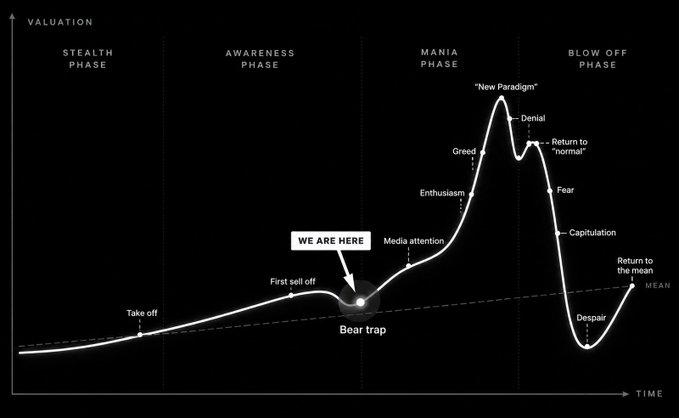 A financial chart depicting a market cycle with phases labeled Stealth, Awareness, Mania, and Blow Off, showing emotional stages like Take off, Bear trap, Enthusiasm, Denial, and Despair, with a 'WE ARE HERE' marker near the Bear trap.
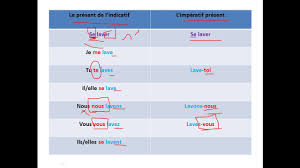 À la 1ère personne du pluriel (nous) et à l'impératif présent, la conjugaison du verbe s'écrit soyons et. Conjugaison Present Et L Imperatif Present Des Verbes Etre Avoir Et V Pronominaux Youtube
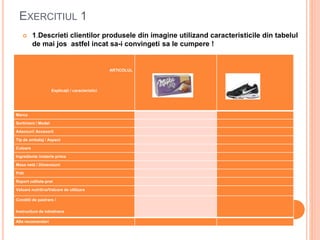 EXERCITIUL 1
 1.Descrieti clientilor produsele din imagine utilizand caracteristicile din tabelul
de mai jos astfel incat sa-i convingeti sa le cumpere !
ARTICOLUL
Explicaţii / caracteristici
Marca
Sortiment / Model
Adaosuri/ Accesorii
Tip de ambalaj / Aspect
Culoare
Ingrediente /materie prima
Masa netă / Dimensiuni
Prêt
Raport calitate-pret
Valoare nutritiva/Valoare de utilizare
Conditii de pastrare /
Instructiuni de intretinere
Alte recomandari
 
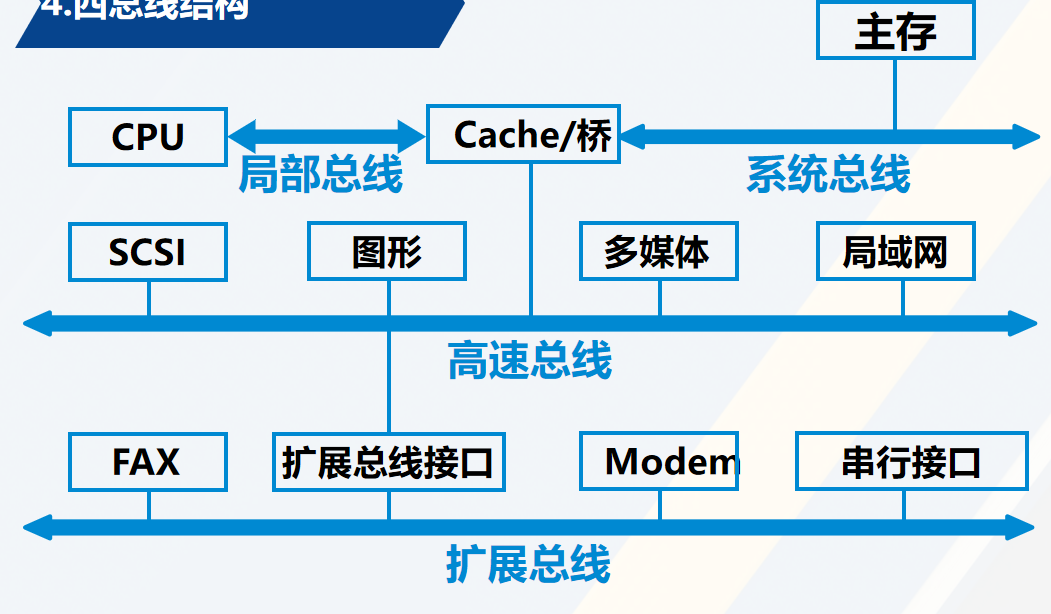 四总线结构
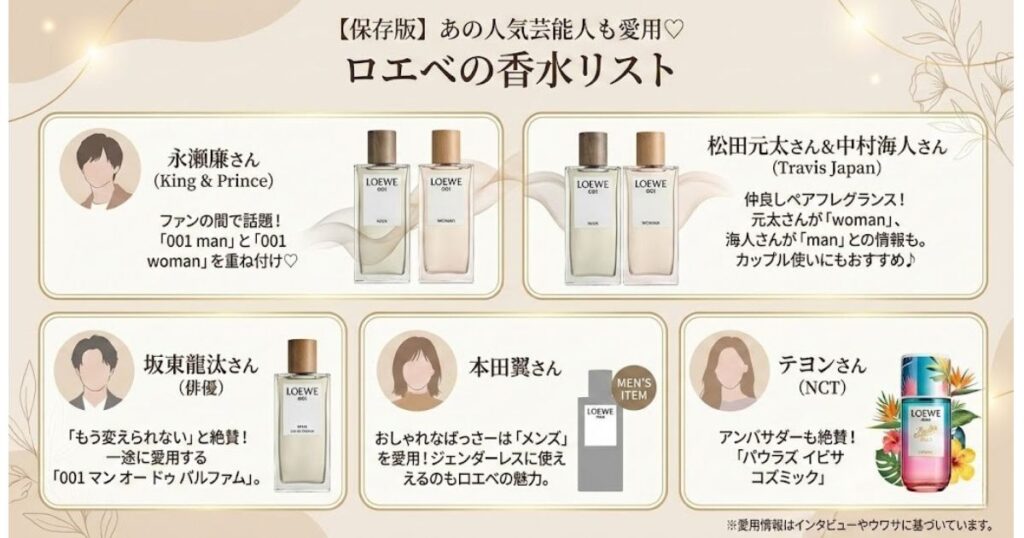 ロエベの香水を愛用している芸能人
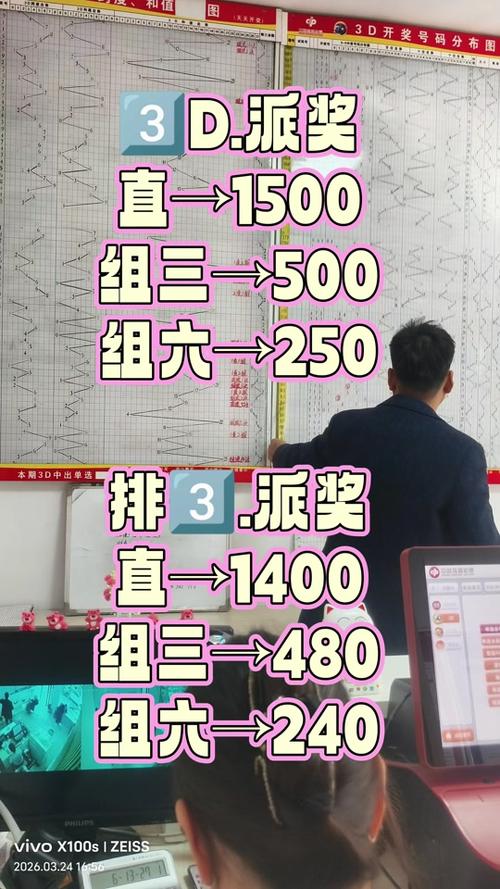 3d今日北斗全分析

◇ ◇ ◇

**Task objective:** Make an exact copy of every entry above, minus the images.

**Reply to the task:**
 A financial chart depicting a market cycle with phases labeled Stealth, Awareness, Mania, and Blow Off, showing emotional stages like Take off, Bear trap, Enthusiasm, Denial, and Despair, with a 'WE ARE HERE' marker near the Bear trap.
 À la 1ère personne du pluriel (nous) et à l'impératif présent, la conjugaison du verbe s'écrit soyons et. Conjugaison Present Et L Imperatif Present Des Verbes Etre Avoir Et V Pronominaux Youtube
 EXERCITIUL 1
 1.Descrieti clientilor produsele din imagine utilizand caracteristicile din tabelul
de mai jos astfel incat sa-i convingeti sa le cumpere !
ARTICOLUL
Explicaţii / caracteristici
Marca
Sortiment / Model
Adaosuri/ Accesorii
Tip de ambalaj / Aspect
Culoare
Ingrediente /materie prima
Masa netă / Dimensiuni
Prêt
Raport calitate-pret
Valoare nutritiva/Valoare de utilizare
Conditii de pastrare /
Instructiuni de intretinere
Alte recomandari
 
 四总线结构
 ロエベの香水を愛用している芸能人
 3d今日北斗全分析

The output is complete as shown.